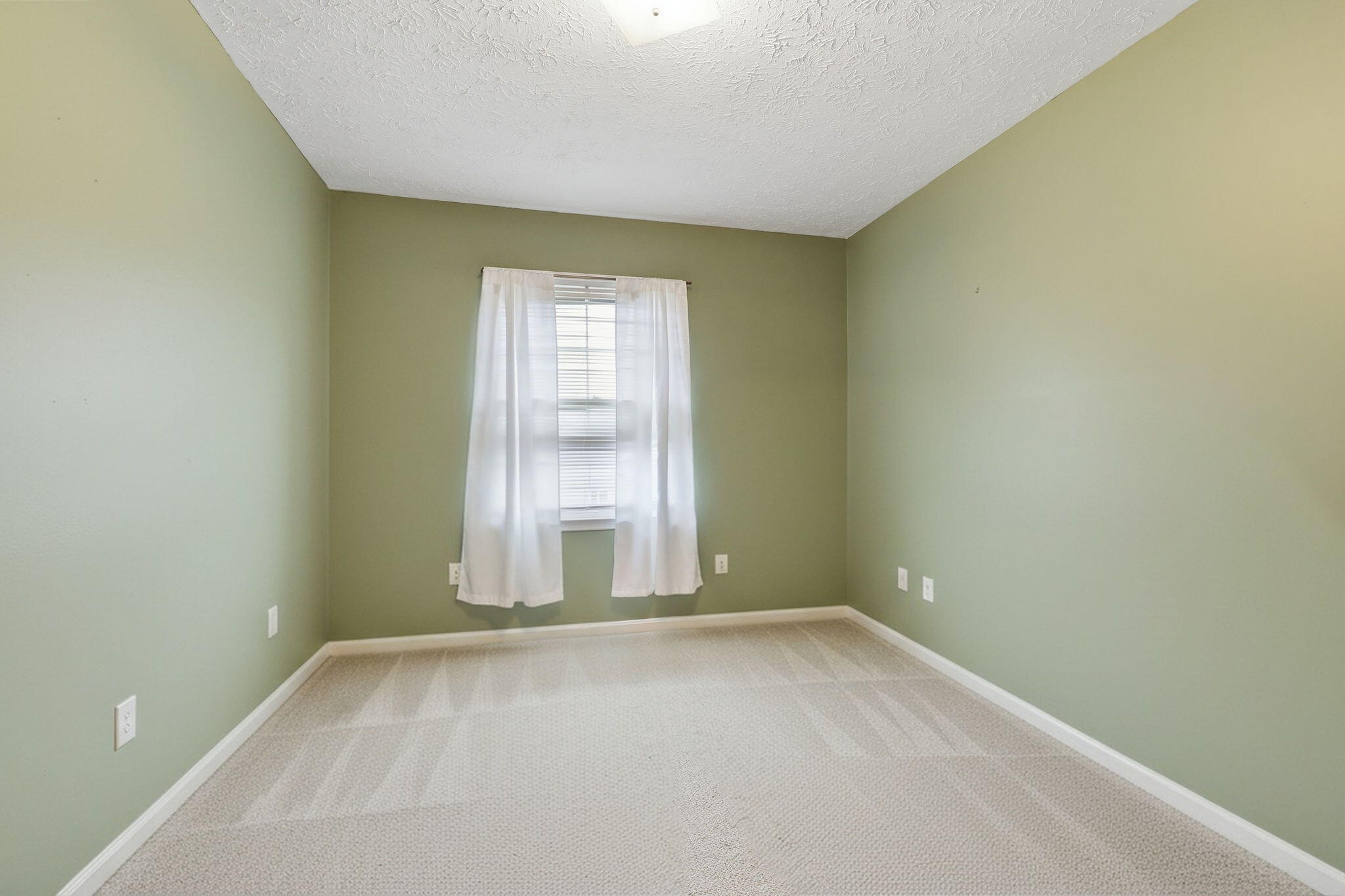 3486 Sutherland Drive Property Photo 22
==
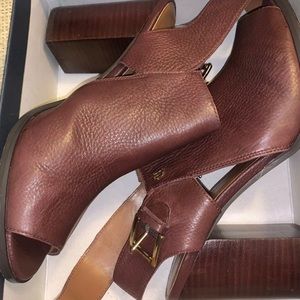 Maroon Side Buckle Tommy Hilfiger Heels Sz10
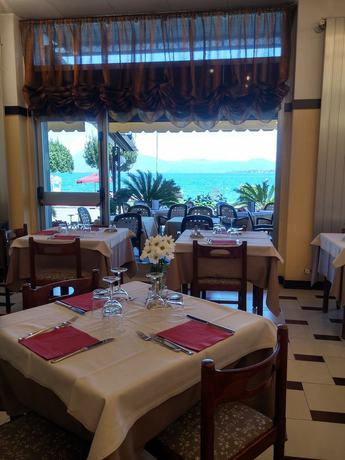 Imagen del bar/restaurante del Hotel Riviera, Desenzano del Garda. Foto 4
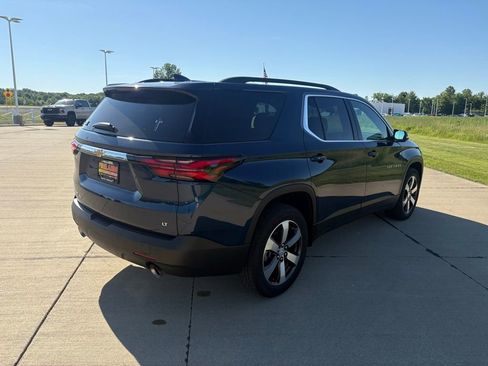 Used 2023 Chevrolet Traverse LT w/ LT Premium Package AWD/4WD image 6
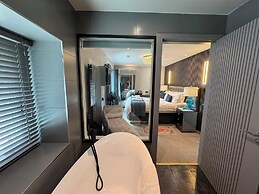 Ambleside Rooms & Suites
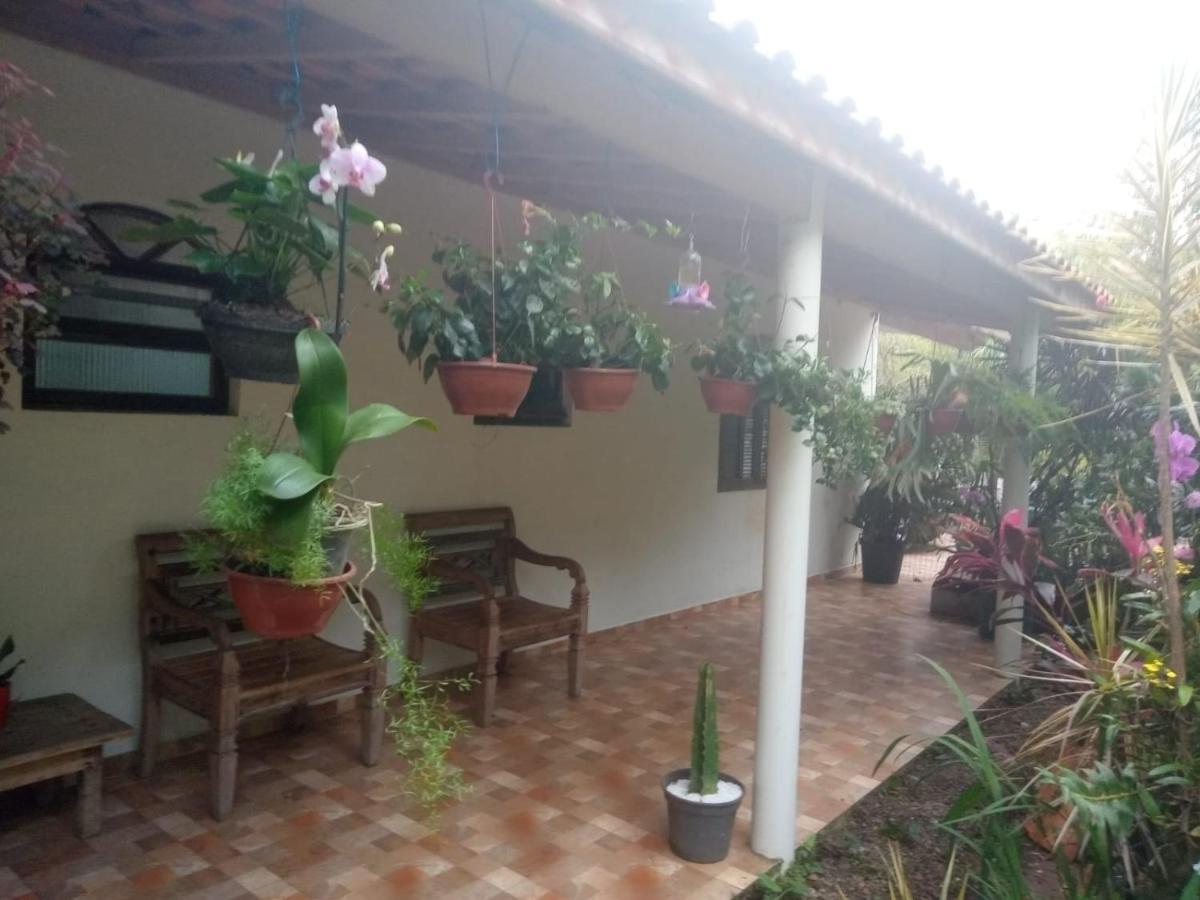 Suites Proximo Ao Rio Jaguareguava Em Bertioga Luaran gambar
--
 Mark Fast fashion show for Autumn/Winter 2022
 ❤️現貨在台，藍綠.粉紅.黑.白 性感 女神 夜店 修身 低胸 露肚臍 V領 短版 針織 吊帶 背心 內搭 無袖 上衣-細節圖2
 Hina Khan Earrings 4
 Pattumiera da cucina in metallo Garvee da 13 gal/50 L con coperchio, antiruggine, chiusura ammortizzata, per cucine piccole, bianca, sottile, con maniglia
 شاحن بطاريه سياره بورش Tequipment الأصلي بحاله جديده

Task objective
Starting at the line that has "Mark Fast fashion" in the records above, restate word for word every line until the one that has "شاحن بطاريه سياره", and include that one as well.

Task answer
 Mark Fast fashion show for Autumn/Winter 2022
 ❤️現貨在台，藍綠.粉紅.黑.白 性感 女神 夜店 修身 低胸 露肚臍 V領 短版 針織 吊帶 背心 內搭 無袖 上衣-細節圖2
 Hina Khan Earrings 4
 Pattumiera da cucina in metallo Garvee da 13 gal/50 L con coperchio, antiruggine, chiusura ammortizzata, per cucine piccole, bianca, sottile, con maniglia
 شاحن بطاريه سياره بورش Tequipment الأصلي بحاله جديده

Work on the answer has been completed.